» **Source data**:
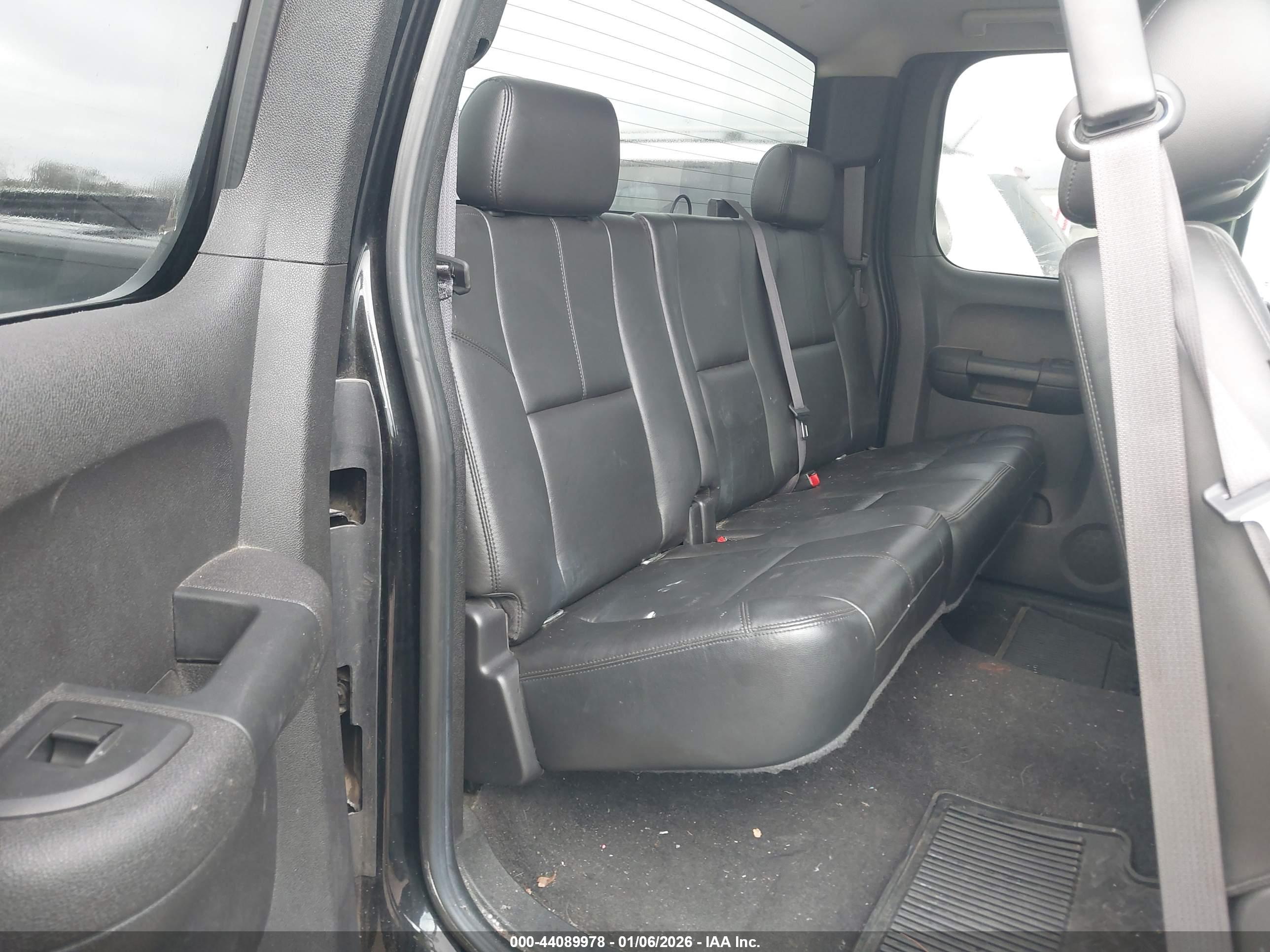 GMC SIERRA image 8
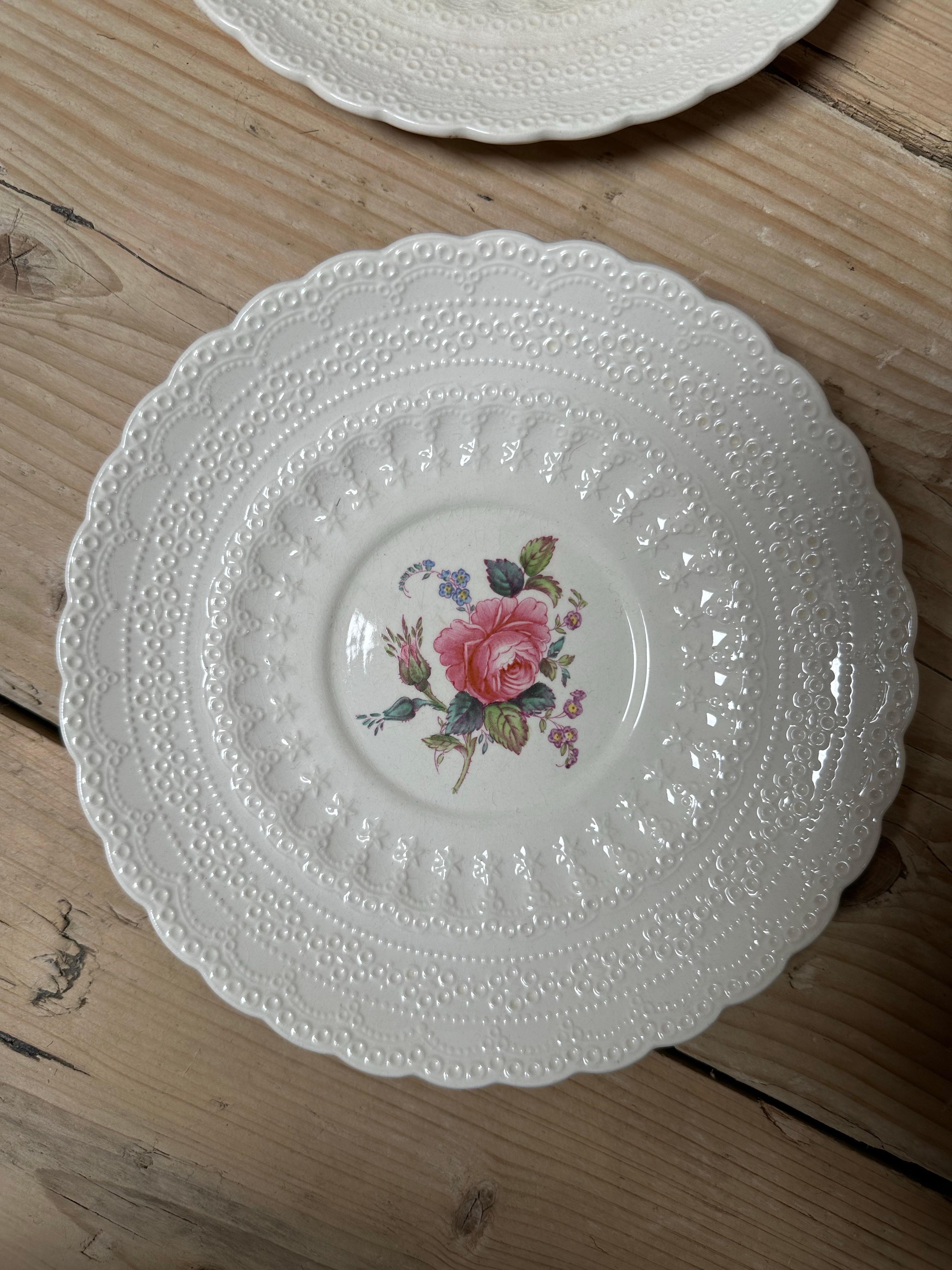 Billingsley, Spode Copeland, Rosa rosa inglesa en relieve, Platos de porcelana 1920 en venta 4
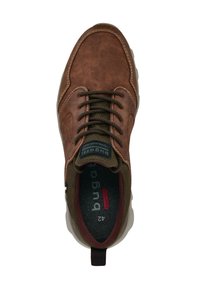 Braune Leder-Sneaker mit dunkelbraunen Schnürsenkeln, gepolstertem Kragen und weißer Sohle, von oben betrachtet, mit "bugatti"-Markenkennung auf Zunge und Innensohle.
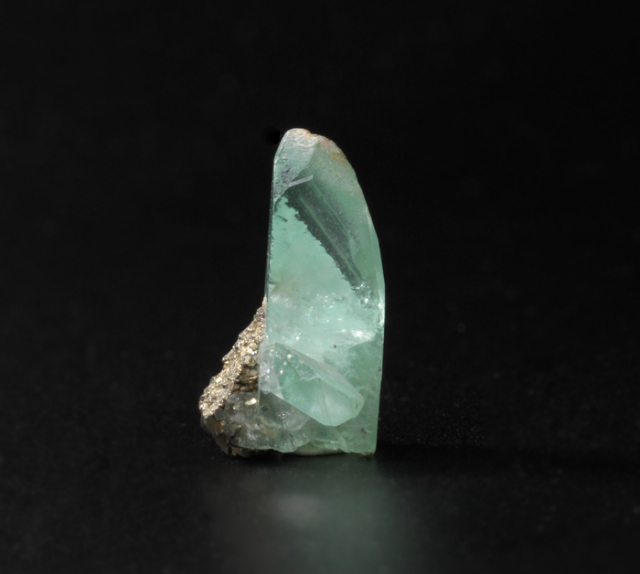 フォスフォフィライトの結晶
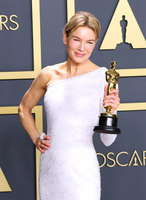 Renee Zellweger t-shirt #3935046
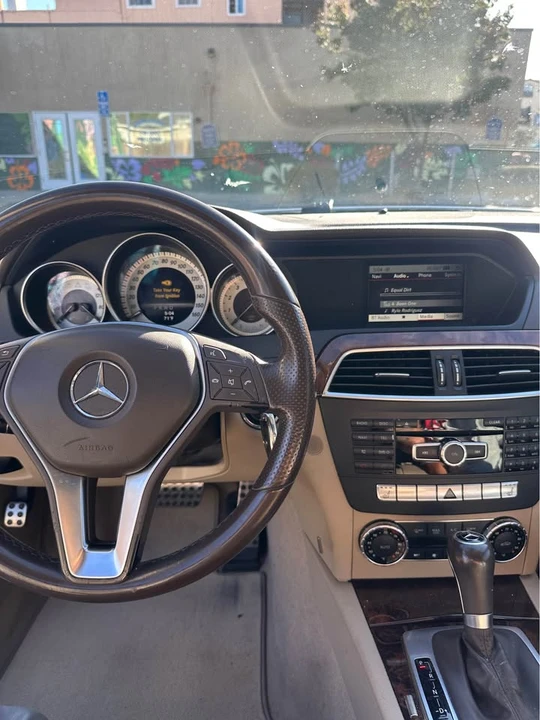 2013 Mercedes-Benz W204 C-Class - Image 8 of 11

» **INSTRUCTIONS FOR THE TASK**:
Write out the entries again word for word. Do not include the pictures.

» **WRITTEN RESPONSE**:
 GMC SIERRA image 8
 Billingsley, Spode Copeland, Rosa rosa inglesa en relieve, Platos de porcelana 1920 en venta 4
 Braune Leder-Sneaker mit dunkelbraunen Schnürsenkeln, gepolstertem Kragen und weißer Sohle, von oben betrachtet, mit "bugatti"-Markenkennung auf Zunge und Innensohle.
 フォスフォフィライトの結晶
 Renee Zellweger t-shirt #3935046
 2013 Mercedes-Benz W204 C-Class - Image 8 of 11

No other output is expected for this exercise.